Re: Spread checkpoint sync

From: Robert Haas <robertmhaas(at)gmail(dot)com>
To: Tom Lane <tgl(at)sss(dot)pgh(dot)pa(dot)us>
Cc: Heikki Linnakangas <heikki(dot)linnakangas(at)enterprisedb(dot)com>, Itagaki Takahiro <itagaki(dot)takahiro(at)gmail(dot)com>, Greg Smith <greg(at)2ndquadrant(dot)com>, Ron Mayer <rm_pg(at)cheapcomplexdevices(dot)com>, Josh Berkus <josh(at)agliodbs(dot)com>, pgsql-hackers(at)postgresql(dot)org
Subject: Re: Spread checkpoint sync
Date: 2011-01-31 18:44:38
Message-ID: AANLkTim-rv-im_oYPSLCqLffX6XLA9guUKrMz7QE-Uv6@mail.gmail.com
Views: Raw Message | Whole Thread | Download mbox | Resend email
Thread:
Lists: pgsql-hackers

On Mon, Jan 31, 2011 at 12:11 PM, Tom Lane <tgl(at)sss(dot)pgh(dot)pa(dot)us> wrote:
> Robert Haas <robertmhaas(at)gmail(dot)com> writes:
>> On Mon, Jan 31, 2011 at 11:51 AM, Tom Lane <tgl(at)sss(dot)pgh(dot)pa(dot)us> wrote:
>>> I wonder whether it'd be useful to keep track of the total amount of
>>> data written-and-not-yet-synced, and to issue fsyncs often enough to
>>> keep that below some parameter; the idea being that the parameter would
>>> limit how much dirty kernel disk cache there is.  Of course, ideally the
>>> kernel would have a similar tunable and this would be a waste of effort
>>> on our part...
>
>> It's not clear to me how you'd maintain that information without it
>> turning into a contention bottleneck.
>
> What contention bottleneck?  I was just visualizing the bgwriter process
> locally tracking how many writes it'd issued.  Backend-issued writes
> should happen seldom enough to be ignorable for this purpose.

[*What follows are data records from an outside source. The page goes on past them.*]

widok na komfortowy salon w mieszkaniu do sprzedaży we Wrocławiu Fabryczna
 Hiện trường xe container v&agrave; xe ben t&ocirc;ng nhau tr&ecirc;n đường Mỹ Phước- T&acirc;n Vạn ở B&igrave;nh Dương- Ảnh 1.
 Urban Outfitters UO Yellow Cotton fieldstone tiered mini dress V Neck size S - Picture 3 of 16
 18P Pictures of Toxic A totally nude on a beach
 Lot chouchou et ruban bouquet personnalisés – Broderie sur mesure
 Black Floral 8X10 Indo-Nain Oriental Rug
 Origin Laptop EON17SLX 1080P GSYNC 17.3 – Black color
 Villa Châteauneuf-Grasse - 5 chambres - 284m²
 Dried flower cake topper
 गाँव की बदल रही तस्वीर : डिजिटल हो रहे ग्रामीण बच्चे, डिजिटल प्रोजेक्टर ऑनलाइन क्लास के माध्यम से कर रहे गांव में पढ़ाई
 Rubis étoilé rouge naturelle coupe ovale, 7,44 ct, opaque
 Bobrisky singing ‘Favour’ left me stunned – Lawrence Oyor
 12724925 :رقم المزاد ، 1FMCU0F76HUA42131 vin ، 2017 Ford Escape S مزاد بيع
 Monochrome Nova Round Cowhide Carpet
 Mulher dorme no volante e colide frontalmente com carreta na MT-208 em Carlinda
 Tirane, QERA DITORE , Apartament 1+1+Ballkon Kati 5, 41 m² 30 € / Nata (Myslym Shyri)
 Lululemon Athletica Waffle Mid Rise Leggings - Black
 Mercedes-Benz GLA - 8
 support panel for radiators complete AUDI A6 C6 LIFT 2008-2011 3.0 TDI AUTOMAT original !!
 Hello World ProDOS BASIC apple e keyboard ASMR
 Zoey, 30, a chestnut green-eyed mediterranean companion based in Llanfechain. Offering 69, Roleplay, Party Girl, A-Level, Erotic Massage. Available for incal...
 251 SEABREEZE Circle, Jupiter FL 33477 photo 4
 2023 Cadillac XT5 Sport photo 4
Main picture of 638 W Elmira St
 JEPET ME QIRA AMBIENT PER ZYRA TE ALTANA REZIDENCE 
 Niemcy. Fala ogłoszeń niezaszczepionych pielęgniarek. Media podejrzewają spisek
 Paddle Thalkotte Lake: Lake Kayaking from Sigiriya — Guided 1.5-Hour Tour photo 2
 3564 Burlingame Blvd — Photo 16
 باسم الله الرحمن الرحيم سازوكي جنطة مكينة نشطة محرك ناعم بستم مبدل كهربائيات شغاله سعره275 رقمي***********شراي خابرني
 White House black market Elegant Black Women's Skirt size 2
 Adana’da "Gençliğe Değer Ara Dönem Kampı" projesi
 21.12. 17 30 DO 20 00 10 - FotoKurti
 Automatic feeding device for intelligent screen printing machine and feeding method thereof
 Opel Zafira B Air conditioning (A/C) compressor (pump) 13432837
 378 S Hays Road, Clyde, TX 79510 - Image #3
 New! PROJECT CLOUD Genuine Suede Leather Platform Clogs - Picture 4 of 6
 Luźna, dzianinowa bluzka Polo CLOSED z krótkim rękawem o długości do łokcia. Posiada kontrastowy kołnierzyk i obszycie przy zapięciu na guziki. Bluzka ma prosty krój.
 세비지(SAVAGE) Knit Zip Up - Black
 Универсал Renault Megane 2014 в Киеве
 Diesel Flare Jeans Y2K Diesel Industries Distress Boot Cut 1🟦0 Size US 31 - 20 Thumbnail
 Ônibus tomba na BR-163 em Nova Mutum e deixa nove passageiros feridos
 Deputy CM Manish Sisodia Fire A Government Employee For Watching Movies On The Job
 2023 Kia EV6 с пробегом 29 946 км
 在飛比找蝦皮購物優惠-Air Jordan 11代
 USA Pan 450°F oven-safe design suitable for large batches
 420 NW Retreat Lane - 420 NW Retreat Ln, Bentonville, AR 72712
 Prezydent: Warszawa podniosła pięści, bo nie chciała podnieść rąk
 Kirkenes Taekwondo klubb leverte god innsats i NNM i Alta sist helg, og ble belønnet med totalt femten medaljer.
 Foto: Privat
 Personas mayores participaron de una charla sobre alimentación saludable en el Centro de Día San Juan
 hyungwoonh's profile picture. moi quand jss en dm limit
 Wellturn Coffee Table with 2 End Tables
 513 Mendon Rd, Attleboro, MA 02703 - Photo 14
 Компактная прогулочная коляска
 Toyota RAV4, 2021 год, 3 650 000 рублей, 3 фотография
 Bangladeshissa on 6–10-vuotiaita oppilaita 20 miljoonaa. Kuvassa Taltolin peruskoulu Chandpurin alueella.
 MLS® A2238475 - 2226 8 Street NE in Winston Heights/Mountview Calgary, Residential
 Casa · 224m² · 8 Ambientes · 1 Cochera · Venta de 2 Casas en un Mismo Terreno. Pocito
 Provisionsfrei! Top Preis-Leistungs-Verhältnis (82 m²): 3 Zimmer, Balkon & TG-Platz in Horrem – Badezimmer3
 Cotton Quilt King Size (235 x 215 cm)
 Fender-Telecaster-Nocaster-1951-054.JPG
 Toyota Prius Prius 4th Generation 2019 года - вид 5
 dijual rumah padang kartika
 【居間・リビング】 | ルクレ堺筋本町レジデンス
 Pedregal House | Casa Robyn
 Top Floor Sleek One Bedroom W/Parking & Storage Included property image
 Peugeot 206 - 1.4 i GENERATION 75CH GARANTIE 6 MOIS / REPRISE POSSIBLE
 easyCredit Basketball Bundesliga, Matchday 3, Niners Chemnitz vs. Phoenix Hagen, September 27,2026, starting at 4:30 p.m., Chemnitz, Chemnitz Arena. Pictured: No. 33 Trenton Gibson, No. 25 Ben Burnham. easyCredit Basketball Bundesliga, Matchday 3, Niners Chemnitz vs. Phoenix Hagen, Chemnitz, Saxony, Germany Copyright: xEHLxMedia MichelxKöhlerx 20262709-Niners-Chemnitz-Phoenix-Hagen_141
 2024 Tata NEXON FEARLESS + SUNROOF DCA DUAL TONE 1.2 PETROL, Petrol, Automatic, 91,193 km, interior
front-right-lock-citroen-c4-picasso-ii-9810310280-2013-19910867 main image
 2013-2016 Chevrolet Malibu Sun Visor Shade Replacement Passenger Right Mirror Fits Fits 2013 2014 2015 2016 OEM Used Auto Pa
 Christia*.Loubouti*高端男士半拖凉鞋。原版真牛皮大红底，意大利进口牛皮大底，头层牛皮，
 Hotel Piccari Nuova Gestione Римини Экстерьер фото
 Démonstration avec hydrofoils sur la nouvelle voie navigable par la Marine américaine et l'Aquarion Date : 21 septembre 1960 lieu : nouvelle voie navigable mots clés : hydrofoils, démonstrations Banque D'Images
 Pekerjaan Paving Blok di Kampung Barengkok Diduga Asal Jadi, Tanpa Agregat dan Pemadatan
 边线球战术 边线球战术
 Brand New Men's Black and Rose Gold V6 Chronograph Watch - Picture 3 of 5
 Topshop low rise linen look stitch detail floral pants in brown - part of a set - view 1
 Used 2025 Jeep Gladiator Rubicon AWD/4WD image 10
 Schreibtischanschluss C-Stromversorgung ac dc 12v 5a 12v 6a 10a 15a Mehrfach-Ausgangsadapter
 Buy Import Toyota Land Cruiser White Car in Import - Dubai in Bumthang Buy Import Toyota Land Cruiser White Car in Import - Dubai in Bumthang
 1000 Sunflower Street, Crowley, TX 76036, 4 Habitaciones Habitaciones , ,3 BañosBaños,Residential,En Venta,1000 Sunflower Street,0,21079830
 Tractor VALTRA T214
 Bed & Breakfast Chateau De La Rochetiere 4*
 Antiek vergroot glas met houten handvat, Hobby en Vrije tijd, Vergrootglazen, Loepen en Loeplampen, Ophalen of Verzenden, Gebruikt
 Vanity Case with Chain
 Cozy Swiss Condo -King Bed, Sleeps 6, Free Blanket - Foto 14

Ah. Well, if you ignore backend writes, then yes, there's no
contention bottleneck. However, I seem to recall Greg Smith showing a
system at PGCon last year with a pretty respectable volume of backend
writes (30%?) and saying "OK, so here's a healthy system". Perhaps
I'm misremembering. But at any rate any backend that is using a
BufferAccessStrategy figures to do a lot of its own writes. This is
probably an area for improvement in future releases, if we an figure
out how to do it: if we're doing a bulk load into a system with 4GB of
shared_buffers using a 16MB ring buffer, we'd ideally like the
background writer - or somebody other than the foreground process - to
go nuts on those buffers, writing them out as fast as it possibly can
- rather than letting the backend do it when the ring wraps around.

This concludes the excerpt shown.